Laut Vereinbarungen sollen außerdem bei jedem AKW Zwischenlagerkapazitäten geschaffen werden. Doch der Transport von hochradioaktiven Abfällen wird weitergehen: Richtung WAA (da die alten Verträge erfüllt werden dürfen), von dort ins Endlager (da das nicht existiert, also in die Zwischenlager) und in weiteren Fällen (wenn der Kraftwerksbetreiber den Bau von Zwischenlagern auf dem Betriebsgelände nicht vertreten kann). Mit dieser Zusage kann auch das AKW in Stade nochmals einer Abschaltung entgehen. Vom Transportskandal und etwaigen Konsequenzen ist im Koalitionsvertrag keine Rede mehr. Ebensowenig geht er auf das erhöhte Krebsrisiko im Umfeld von Atomanlagen wie z.B. Krümmel ein und unterstreicht damit selbst seine totale Unzulänglichkeit.

Im Abschnitt "Bildung, Forschung und Wissenschaft stärken" klingt es dann auch schon ganz anders. Hier überlegt mensch nicht, gar auf den seit 1996 im Bau befindlichen Forschungsreaktor München II zu verzichten, nein, er soll umgerüstet werden, da der Betrieb mit 93%ig angereichertem Uran u.a. als problematisch angesehen sei.

Den Vereinbarungen zufolge ist es schlußendlich sehr fraglich, ob, wie Trittin versicherte, die ältesten skandalumwobenen AKW, die sowieso längst abgeschrieben sind, noch in der laufenden Legislaturperiode abgeschaltet werden.

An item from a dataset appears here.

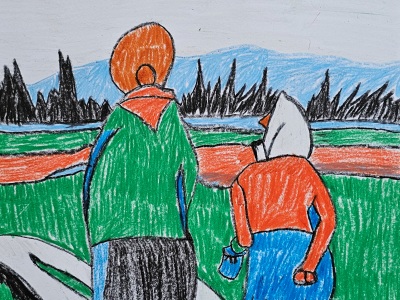 Martha Sztama Buntstift Zeichnung, Stadtgalerie Altötting, Foto KUNST St. Pius Martha Sztama Buntstift Zeichnung, KUNST St. Pius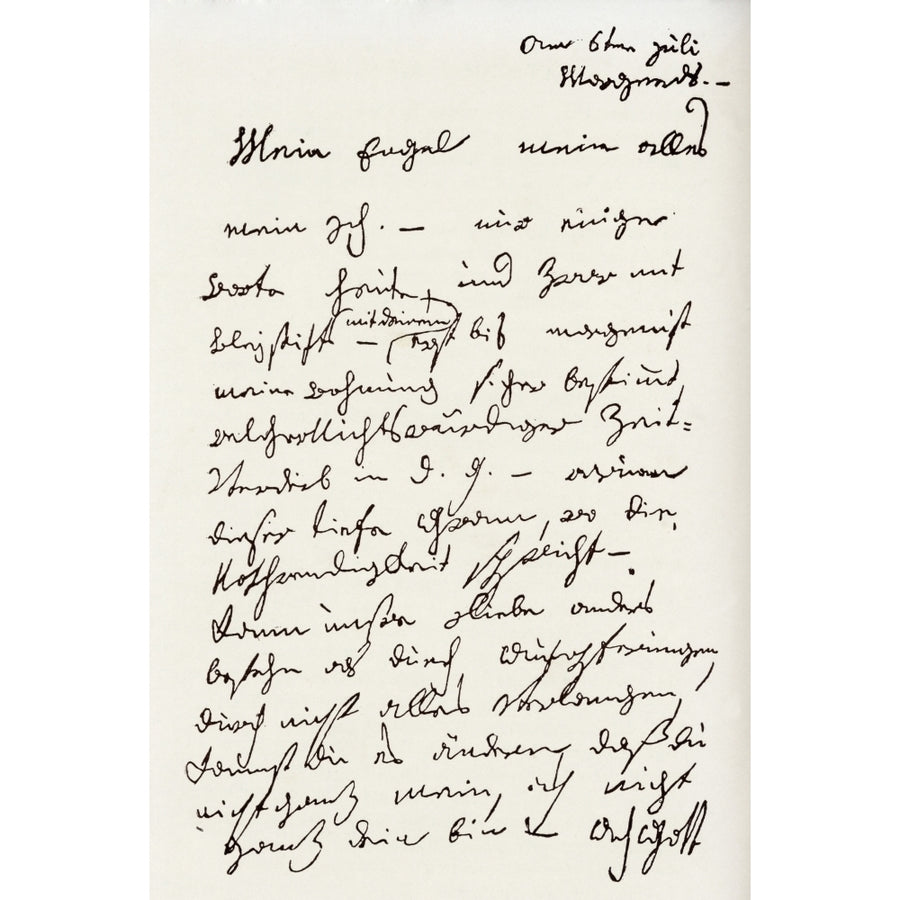 Letter From Ludwig Van Beethoven To The Immortal Beloved Now Widely Believed To Image 1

Angesichts der von den atomaren Anlagen ausgehenden akuten Gefahr ist jeder zusätzliche Betriebstag von Atomkraftwerken ein Wagnis, zumal damit auch die nicht entsorgbare Menge an nuklearem Abfall zunimmt.

Die VertreterInnen der Antiatom-Bewegung, die sich zur Bundeskonferenz am 17./18. Oktober in Berlin trafen, übten schärfste Kritik an den Koalitionsvereinbarungen. Sie wollen mit dezentralen Aktionen Druck auf die kommunalen Energieversorger ausüben. Ein Sprecher erklärte: "Wir sind auch unter einer rot-grünen Regierung weiterhin Opposition und halten an unserer Forderung nach Sofortausstieg fest!"